= Prompt =
Repeat the data below in full. Pictures must not be part of the copy.

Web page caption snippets
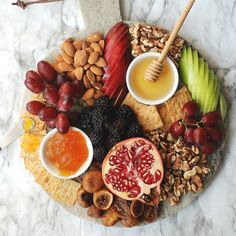 an assortment of fruits and nuts arranged on a platter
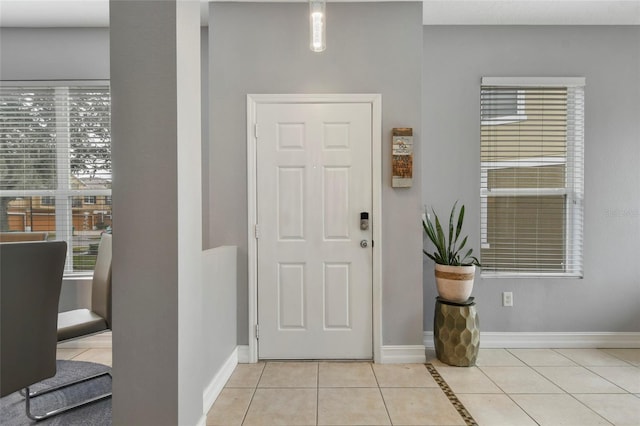 foyer featuring light tile patterned floors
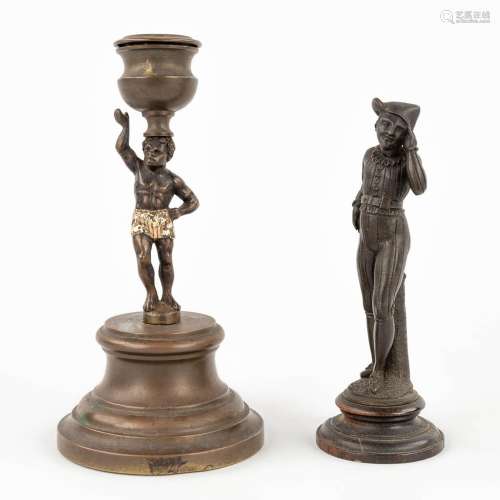 A Jester figurine and candle holder, made of bronze. 19th C....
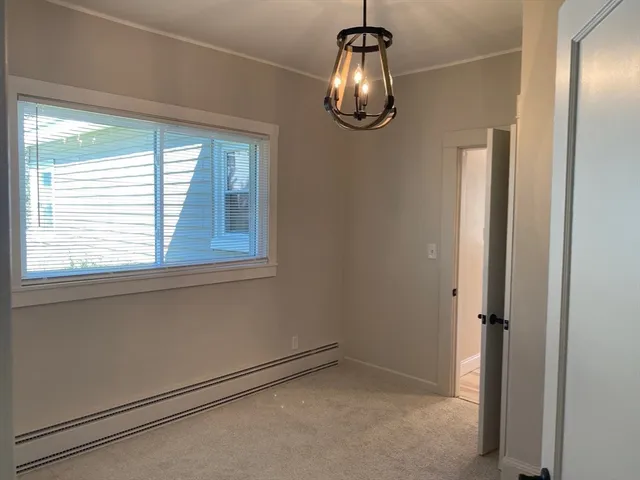 a view of empty room with windows and chandelier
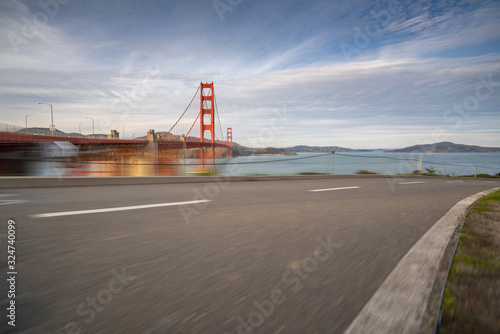 blurred highway in the background of golden gate bridge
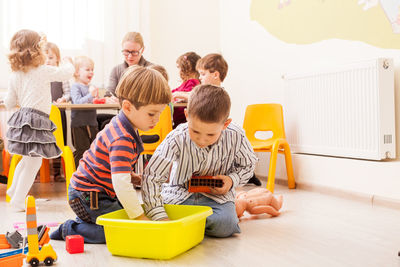 Rear view of people sitting on table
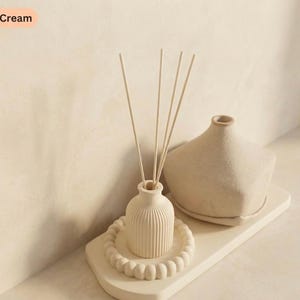 May include: A cream-coloured reed diffuser set featuring a ribbed vase with reeds, a decorative tray, and a geometric vase. The items are arranged on a cream-coloured surface, creating a minimalist aesthetic. The theme is home fragrance and decor.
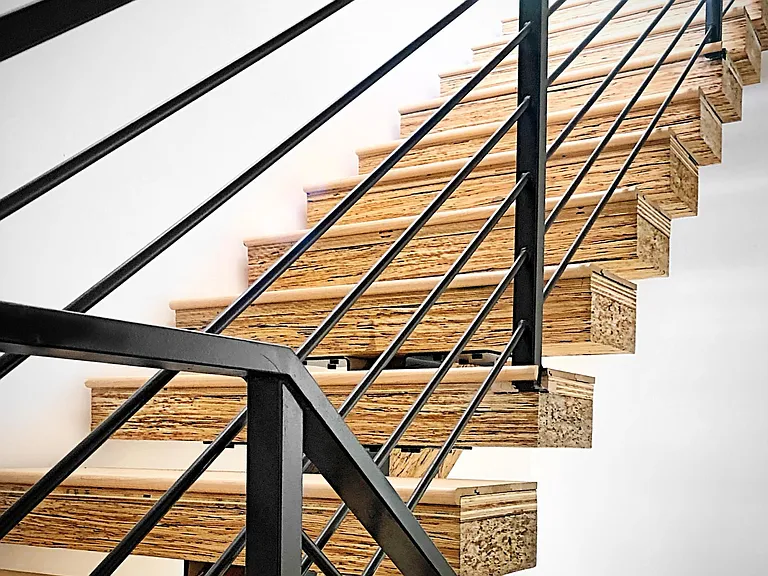 Floating stairs. Great for natural light filtering through the unit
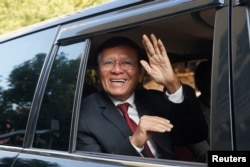 FILE - Former Cambodia National Rescue Party (CNRP) leader Kem Sokha leaves his house for the Phnom Penh Municipal Court for the hearing of the verdict in his treason case where he was was sentenced to 27 years in detention under house arrest after being found guilty, in Phnom Penh, Cambodia, March 3, 2023.
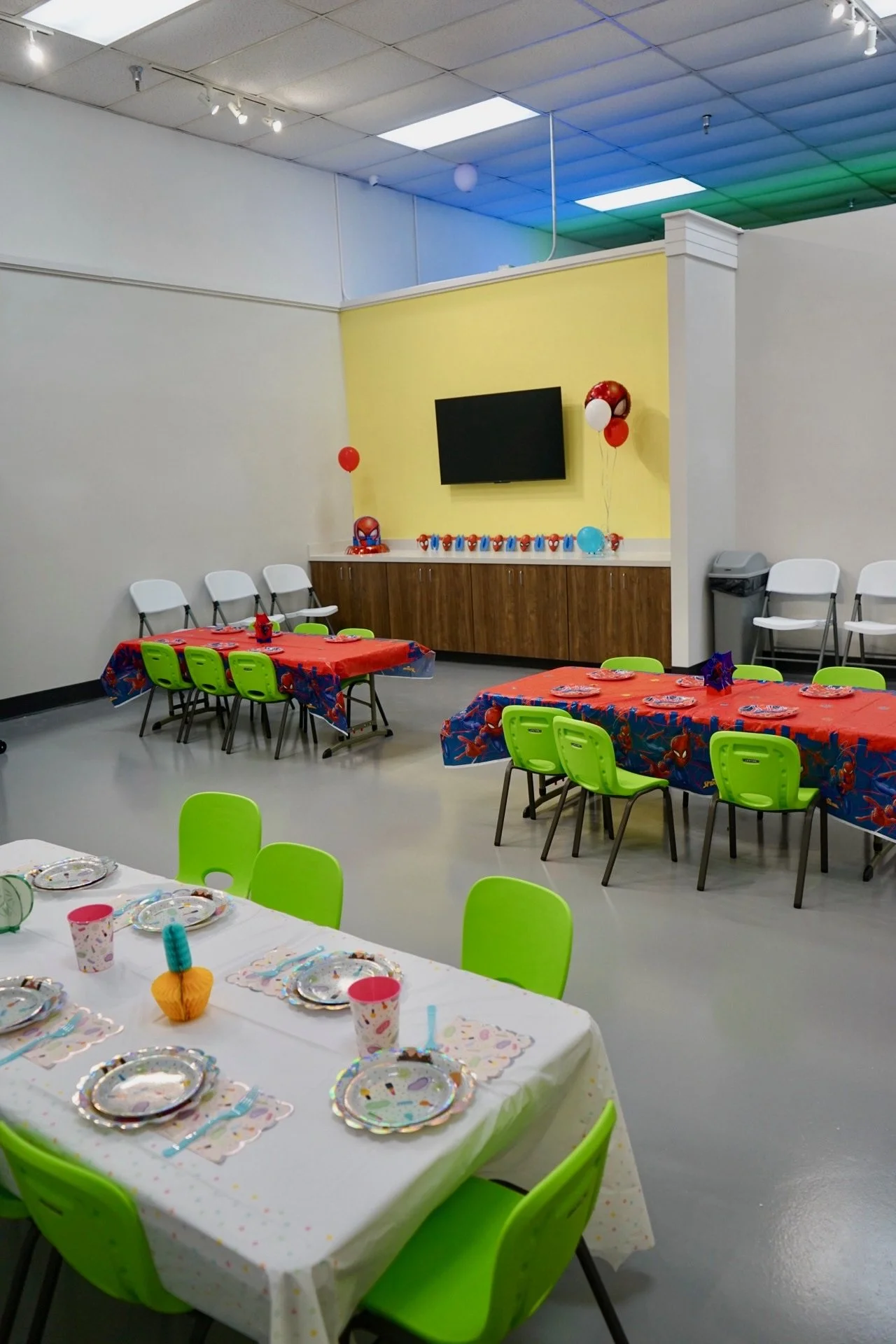 Party room decorated for a celebration with green chairs at a long table with a white tablecloth, colorful paper plates, cups, and a small pumpkin centerpiece. Decorations include balloons and Spiderman-themed items, with a yellow accent wall and a m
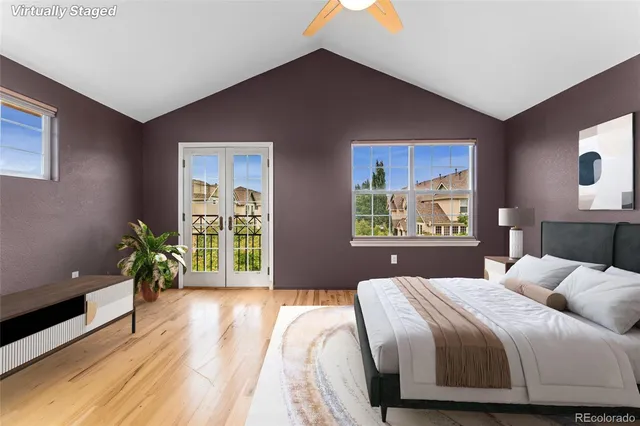 a bedroom with a bed and potted plant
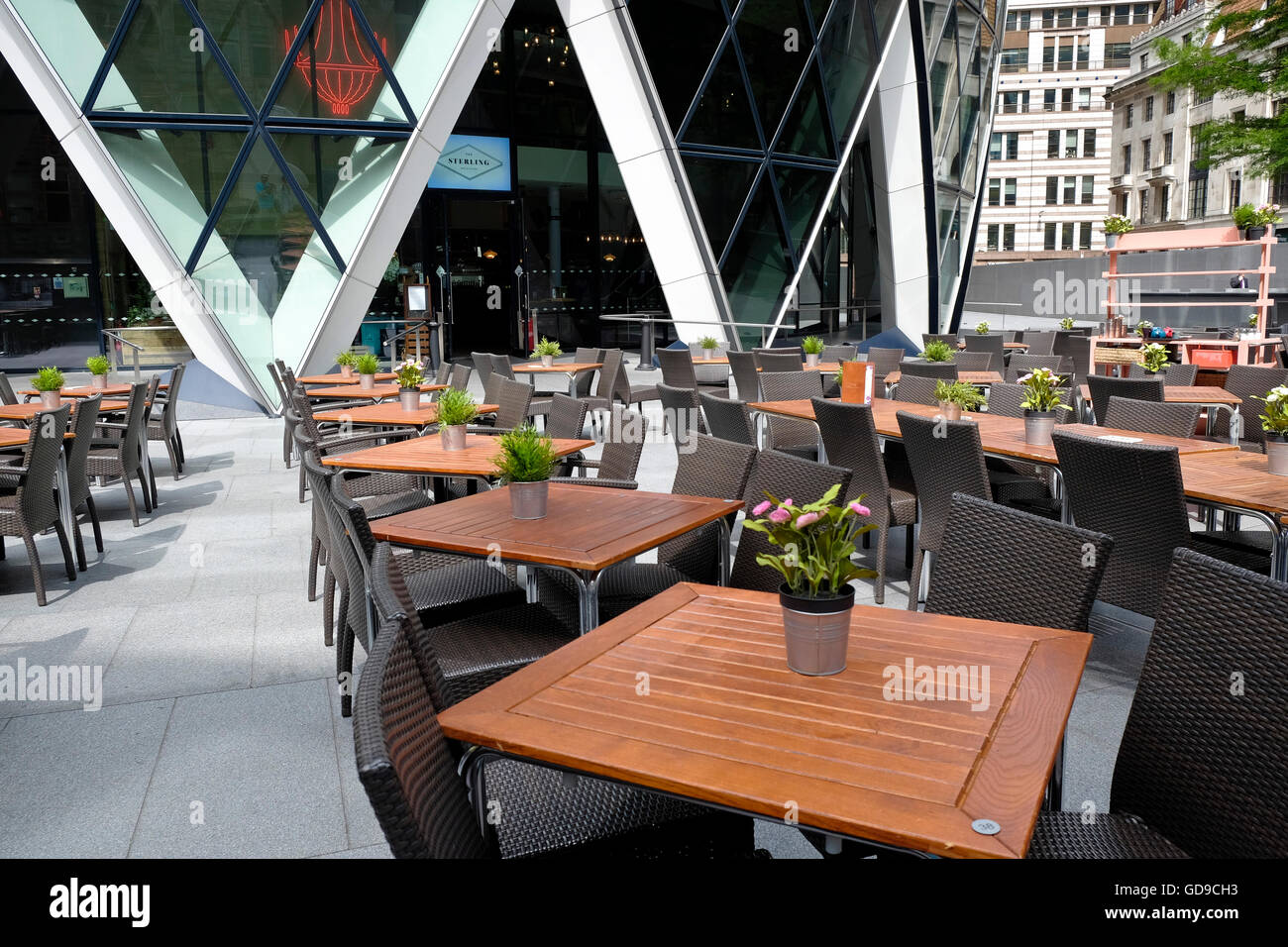 London, United Kingdom. Tables at a restaurant at the base of The Gerkin in London's CBD Stock Photo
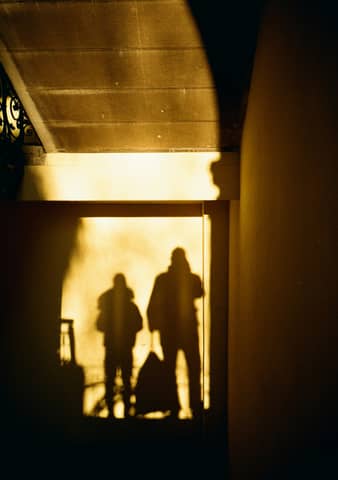 Shadows of two figures cast through a doorway.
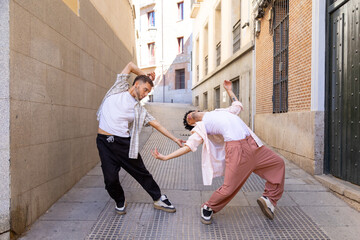 Two dancers performing contemporary street dance in urban alley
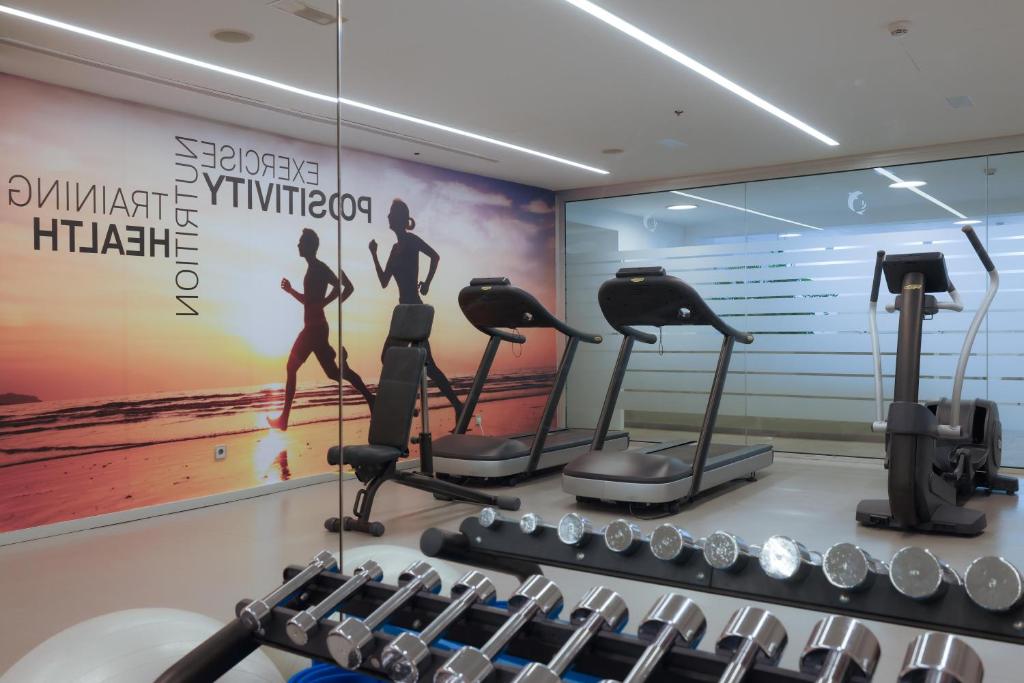 Sporta zāle ar modernām ierīcēm un motivējošu sienas apdari, kas aicina uz aktīvu dzīvesveidu un veselību. Tiek attēloti skriešanas trenažieri un svaru komplekts.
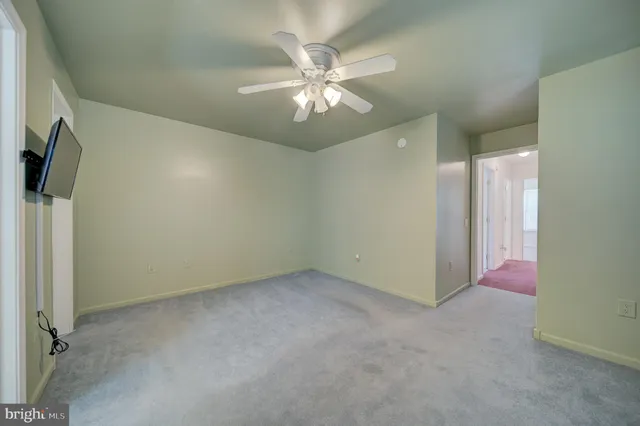 an empty room with a ceiling fan and a window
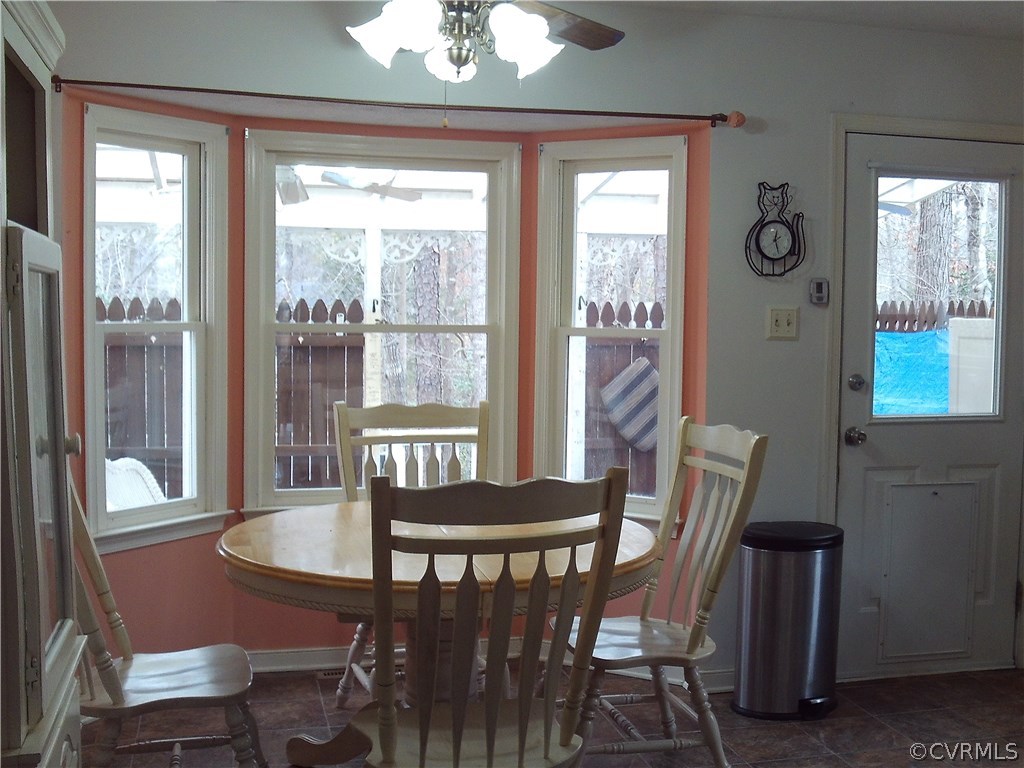 7029 Pointer Ridge Road Midlothian, VA 23112 - Photo 9 of 27 a view of a dining room with furniture window and outside view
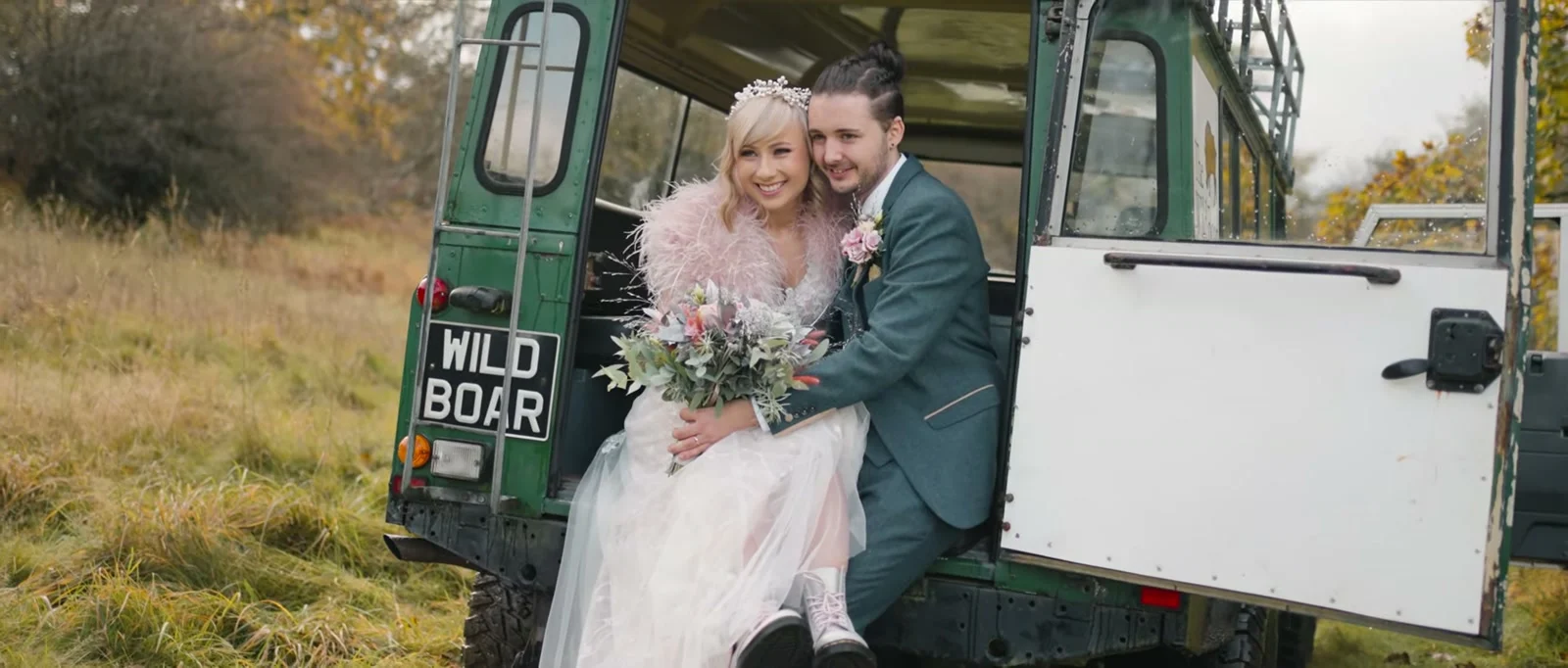 A smiling bride in a sparkling headpiece and a pink feathered wrap sits close to her groom on the back of an open green Land Rover with a WILD BOAR number plate, a bouquet of pastel flowers in her lap, in golden autumn grass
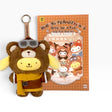 Bear plush keychain with glasses, yellow outfit, and round key ring attached.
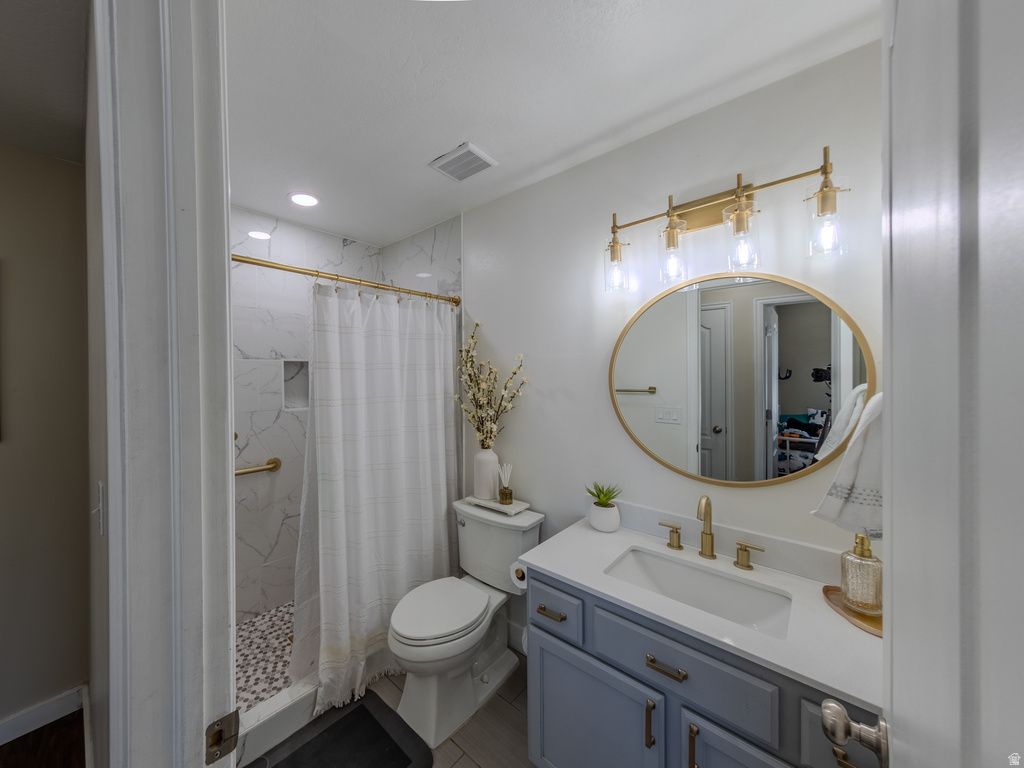 Bathroom featuring a shower with white marble-look tile, pebble flooring, and a built-in niche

= Your solution =
 an assortment of fruits and nuts arranged on a platter
 foyer featuring light tile patterned floors
 A Jester figurine and candle holder, made of bronze. 19th C....
 a view of empty room with windows and chandelier
 blurred highway in the background of golden gate bridge
 Rear view of people sitting on table
 May include: A cream-coloured reed diffuser set featuring a ribbed vase with reeds, a decorative tray, and a geometric vase. The items are arranged on a cream-coloured surface, creating a minimalist aesthetic. The theme is home fragrance and decor.
 Floating stairs. Great for natural light filtering through the unit
 FILE - Former Cambodia National Rescue Party (CNRP) leader Kem Sokha leaves his house for the Phnom Penh Municipal Court for the hearing of the verdict in his treason case where he was was sentenced to 27 years in detention under house arrest after being found guilty, in Phnom Penh, Cambodia, March 3, 2023.
 Party room decorated for a celebration with green chairs at a long table with a white tablecloth, colorful paper plates, cups, and a small pumpkin centerpiece. Decorations include balloons and Spiderman-themed items, with a yellow accent wall and a m
 a bedroom with a bed and potted plant
 London, United Kingdom. Tables at a restaurant at the base of The Gerkin in London's CBD Stock Photo
 Shadows of two figures cast through a doorway.
 Two dancers performing contemporary street dance in urban alley
 Sporta zāle ar modernām ierīcēm un motivējošu sienas apdari, kas aicina uz aktīvu dzīvesveidu un veselību. Tiek attēloti skriešanas trenažieri un svaru komplekts.
 an empty room with a ceiling fan and a window
 7029 Pointer Ridge Road Midlothian, VA 23112 - Photo 9 of 27 a view of a dining room with furniture window and outside view
 A smiling bride in a sparkling headpiece and a pink feathered wrap sits close to her groom on the back of an open green Land Rover with a WILD BOAR number plate, a bouquet of pastel flowers in her lap, in golden autumn grass
 Bear plush keychain with glasses, yellow outfit, and round key ring attached.
 Bathroom featuring a shower with white marble-look tile, pebble flooring, and a built-in niche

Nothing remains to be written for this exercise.